Malik Vidhi, Kalakoti Yogesh, Sundar Durai
DAILAB, Department of Biochemical Engineering and Biotechnology, Indian Institute of Technology (IIT) Delhi, New Delhi, India.
BMC Genomics. 2021 Mar 24;22(1):214. doi: 10.1186/s12864-021-07524-2.
Survival and drug response are two highly emphasized clinical outcomes in cancer research that directs the prognosis of a cancer patient. Here, we have proposed a late multi omics integrative framework that robustly quantifies survival and drug response for breast cancer patients with a focus on the relative predictive ability of available omics datatypes. Neighborhood component analysis (NCA), a supervised feature selection algorithm selected relevant features from multi-omics datasets retrieved from The Cancer Genome Atlas (TCGA) and Genomics of Drug Sensitivity in Cancer (GDSC) databases. A Neural network framework, fed with NCA selected features, was used to develop survival and drug response prediction models for breast cancer patients. The drug response framework used regression and unsupervised clustering (K-means) to segregate samples into responders and non-responders based on their predicted IC50 values (Z-score).
The survival prediction framework was highly effective in categorizing patients into risk subtypes with an accuracy of 94%. Compared to single-omics and early integration approaches, our drug response prediction models performed significantly better and were able to predict IC50 values (Z-score) with a mean square error (MSE) of 1.154 and an overall regression value of 0.92, showing a linear relationship between predicted and actual IC50 values.
The proposed omics integration strategy provides an effective way of extracting critical information from diverse omics data types enabling estimation of prognostic indicators. Such integrative models with high predictive power would have a significant impact and utility in precision oncology.
生存和药物反应是癌症研究中两个备受关注的临床结果,它们指导着癌症患者的预后。在此,我们提出了一个晚期多组学整合框架,该框架能够稳健地量化乳腺癌患者的生存和药物反应,重点关注可用组学数据类型的相对预测能力。

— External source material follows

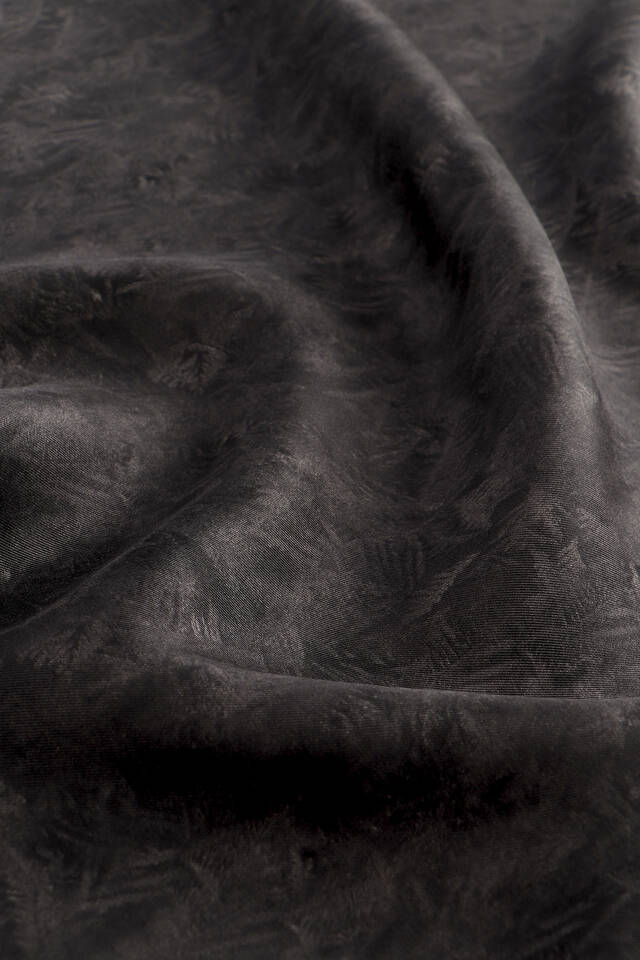 Black Brush Pattern Twill Silk Square Scarf - 3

邻域成分分析(NCA)是一种监督特征选择算法,从癌症基因组图谱(TCGA)和癌症药物敏感性基因组学(GDSC)数据库中检索的多组学数据集中选择相关特征。一个神经网络框架,输入NCA选择的特征,用于开发乳腺癌患者的生存和药物反应预测模型。药物反应框架使用回归和无监督聚类(K均值)根据预测的IC50值(Z分数)将样本分为反应者和无反应者。
生存预测框架在将患者分类为风险亚型方面非常有效,准确率为94%。与单组学和早期整合方法相比,我们的药物反应预测模型表现明显更好,能够预测IC50值(Z分数),均方误差(MSE)为 1.154,总体回归值为0.92,表明预测的IC50值与实际IC50值之间存在线性关系。
所提出的组学整合策略提供了一种从多种组学数据类型中提取关键信息的有效方法,从而能够估计预后指标。这种具有高预测能力的整合模型将在精准肿瘤学中产生重大影响并具有实用价值。